Storage Utilization: Use metrics dashboards to monitor storage trends. For example, you can compare the volume of filesystem usage at different times to the filesystem capacity and then allocate resources to the filesystem accordingly.
Node Utilization: Use metrics dashboards to check for node overload. For example, if the CPU usage is high on a few nodes, you may want to distribute the load across more nodes for better performance and efficiency.
HPE Ezmeral Data Fabric Database Operational Trends: Use metrics dashboards to display historical trends for HPE Ezmeral Data Fabric Database operations.
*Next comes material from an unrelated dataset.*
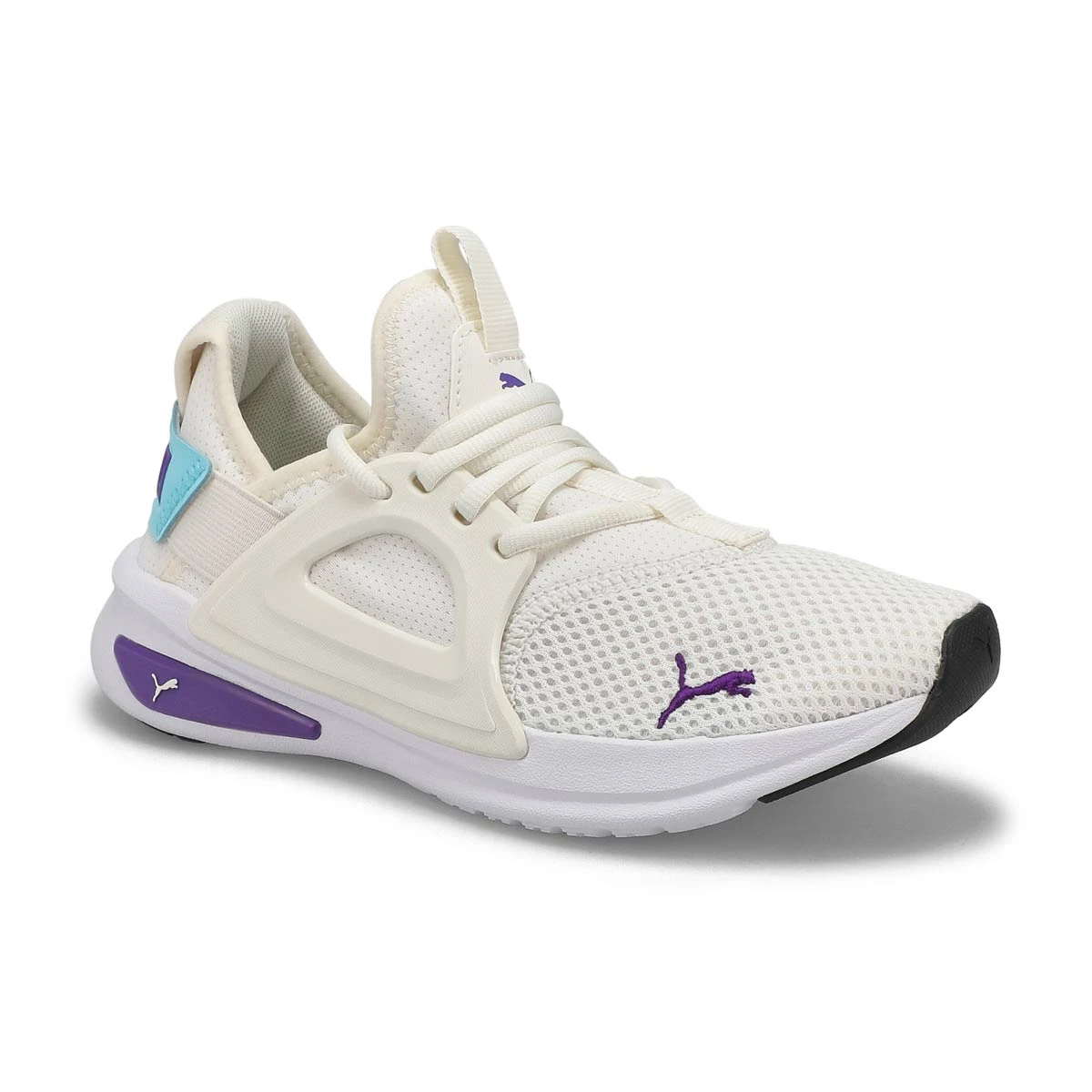 Puma Kid's Softride Enzo Evo Jr Sneaker- Warm 1 Puma Kid's Softride Enzo Evo Jr Sneaker- Warm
For example, if a user reports HPE Ezmeral Data Fabric Database slowness, the historical trends associated with row scans, get, and put operations can be used to identify the node(s) on which the performance degradation occurs.

Log Monitoring

Administrators can use dashboards to visualize, search, and review logs when troubleshooting issues. For example, you can use log dashboards to troubleshoot the following issues:

Service Failures: When metrics indicate that one or more services are down, use log dashboards to check the logs for each failed service and drill-down to each associated node.
Application Failures: When an application or job fails, use log dashboard to identify possible bottlenecks. For example, you can search the logs for a given application ID across all the nodes in the cluster.
filesystem Performance: When users experience filesystem or NFS for the HPE Ezmeral Data Fabric slowness, use log dashboards to search the HPE Ezmeral Data Fabric filesystem logs for service errors or application issues.